Intro
This Python demo project is a practical showcase of using SerpApi's Walmart Search Engine Results API plus how extracted data could be used in exploratory data analysis.
SerpApi is an API that let's you receive structured JSON data from 26 search engines in 10 programming languages.
You can explore this project on your own that is available on GitHub: dimitryzub/walmart-stores-coffee-analysis
We'll cover:
- Extracting data from Walmart Organic results.
- Extracting data from all store pages using SerpApi pagination.
- Extracting data from 500 Walmart stores. SerpApi provides JSON Walmart Stores Locations with 4.460 stores in total.
- My full process of exploratory data analysis.
📌Note: the following script extracts data in a sync
fashion, which is slower.
SerpApi provides async
parameter that allows processing a lot more results without waiting for SerpApi response. Those results will be processed at the SerpApi backend and can be retrieved in up to 31 days.

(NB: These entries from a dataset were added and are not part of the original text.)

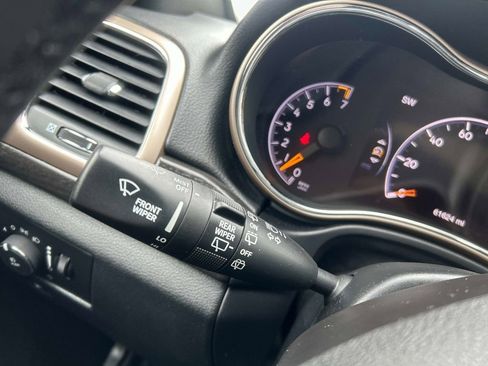 Used 2016 Jeep Grand Cherokee Laredo w/ Quick Order Package 23E image 26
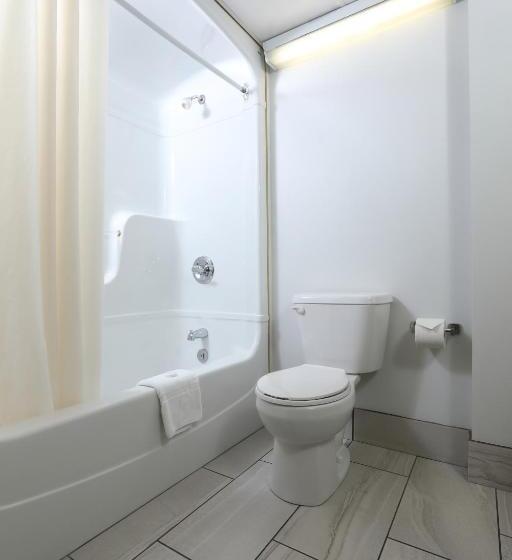 هتل Canad Inns Destination Centre Brandon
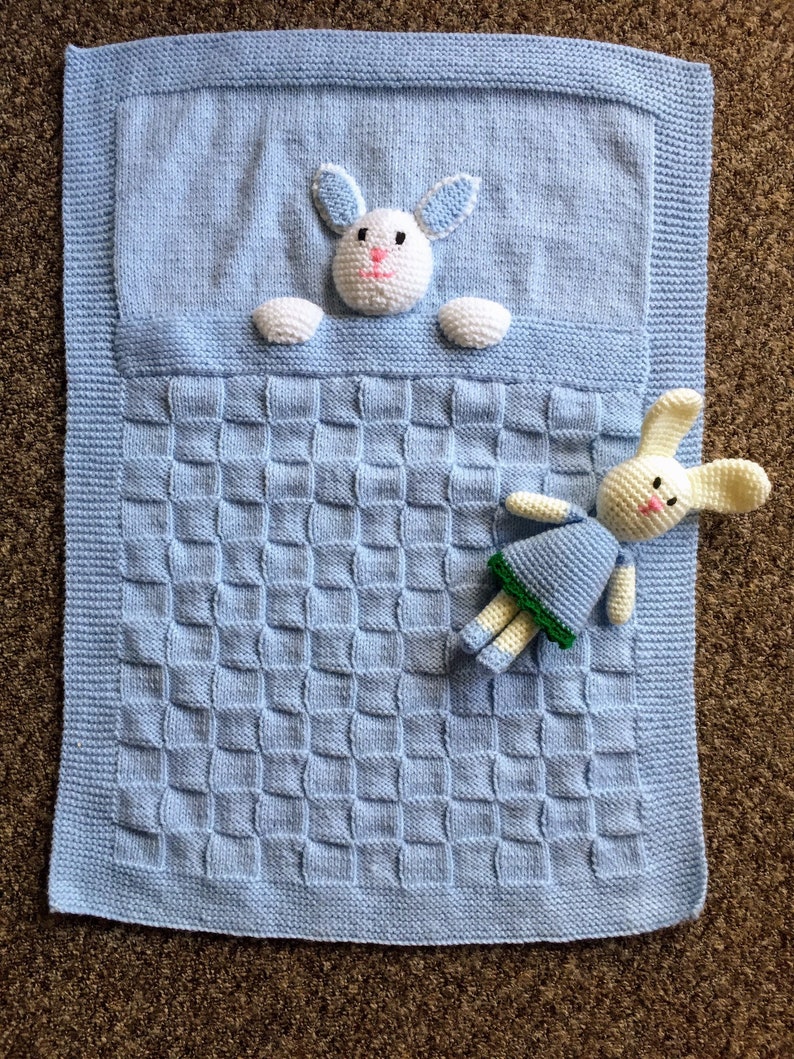 Pretty handmade baby blanket, knitted blanket image 4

If you're interested in extracting decent amounts of data (10.000+ requests) that take less than 5 hours, sign up for our blog so you don't miss it.
Extracting Walmart Data
Explanation
First, we need to install libraries:
$ pip install pandas matplotlib seaborn jinja2 google-search-results
Library | Purpose |
---|---|
pandas |
Powerful data analysis manipulation tool. |
matplotlib |
Matplotlib is a comprehensive Python library for visualizing data. |
seaborn |
A high-level interface that built on top of matplotlib for drawing attractive and informative statistical graphics. |
jinja2 |
Python template engine. Used for pandas table viz. |
google-search-results |
SerpApi Python API wrapper. |
Secondly, we need to import libraries
from serpapi import WalmartSearch
from urllib.parse import (parse_qsl, urlsplit)
import pandas as pd
import os, re, json
Library | Purpose |
---|---|
urllib.parse |
For SerpApi pagination purposes. |
os |
To read secret API key. Don't show your API key publicly. |
re |
To extract parts of the data from a string . |
json |
For the most part for pretty-printing. |
Next, we read Walmart Stores JSON file:
# to get store ID
store_ids = pd.read_json('<path_to>/walmart-stores.json')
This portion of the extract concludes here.